I'm not sure at all why a persistence in defending FX12 with greater transitor count, higher clock speed, and many shader limitations being necessary to show advantage versuse the R300 made much sense before, and I don't understand at all how you propose it makes any sense now when a viable alternative in the same family is apparently ready to be delivered within similar transistor budget: the NV35. The NV35 just simply seems to remove question of whether the NV30 was a wasteful design, unless there are hidden drawbacks (doesn't seem too likely).
- Another comment:
Chalnoth said:
Well, now that the NV35 architecture apparently shows very little performance drop when changing all FX12 ops to FP16 ops, it is conceivable that those FX12 units were updated to FP16 units.

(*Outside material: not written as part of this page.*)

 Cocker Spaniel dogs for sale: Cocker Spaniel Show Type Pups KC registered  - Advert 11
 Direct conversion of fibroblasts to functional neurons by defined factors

Why do you still persist in concentrating on the peak performance of the NV3x (NV35 in this case), ignoring the limitations affecting its ability to reach its peak, ignoring the peak performance of the R3xx (which, btw, is 16 ops if you want to ignore limitations), and then concluding that "shader performance will still be higher than an 8 PS per clock architecture"?

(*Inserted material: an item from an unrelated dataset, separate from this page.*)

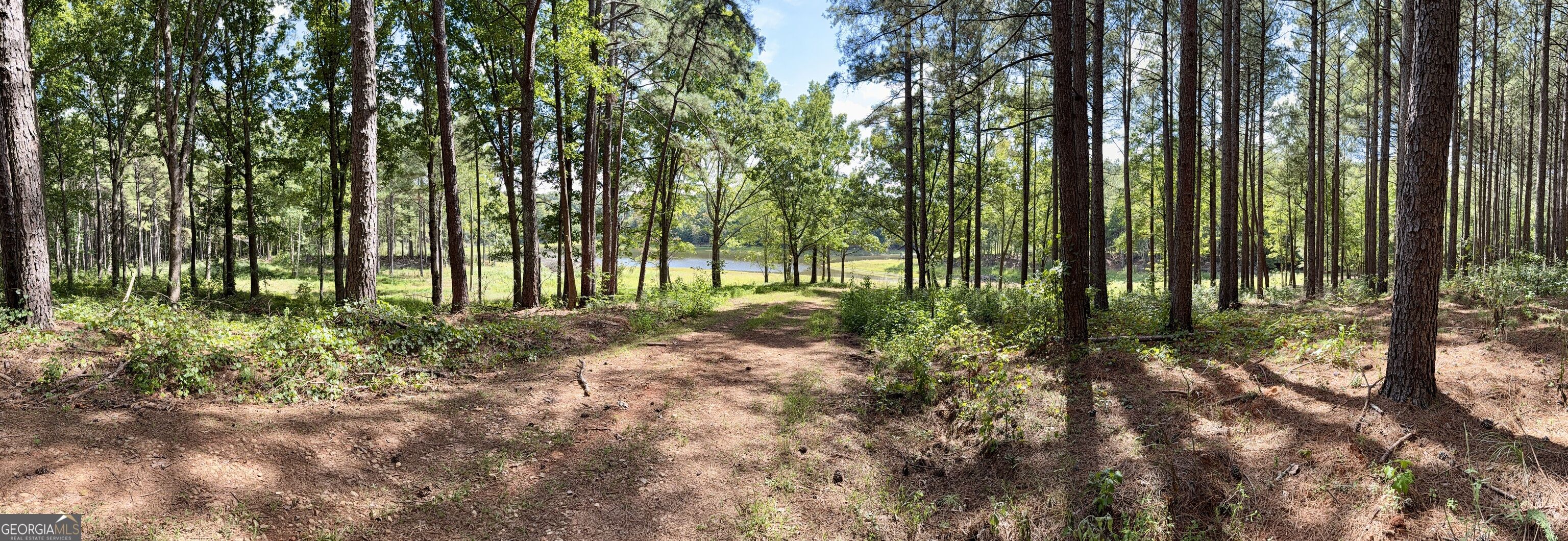 1102 Mitchell Road Property Photo 2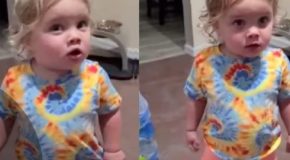 Toddler argues after being accused of touching food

How common is vec3/scalar non dependent op occurrence?
How often does it need to access textures?
How important is granularity of optimization opportunity?
What role does parallelism play in accomplishing the workload?
How significant a role do instruction execution performance differences play in performance for a particular shader?
All these questions are very important and directly relevant for comparison, and they are questions you consistently ignore when you state "12 versus 8" in what seems to me to be a useless fashion...you're quoting maximum versus minimum, and surely you must realize that such a comparison is atleast slightly biased?!
This is before we get into discussing things like:
- The NV30 introduces an additional dependency on using FX12 to reach the peak...why is FX12 good at all? Surely you can atleast recognizethat the NV35's ability to do better within similar transistor budget is a much better design, so why defend FX12 on a similar design and transistor count?
- The impact on performance of exceeding register usage restrictions...perhaps likely to have some atleast minor impact on long shaders?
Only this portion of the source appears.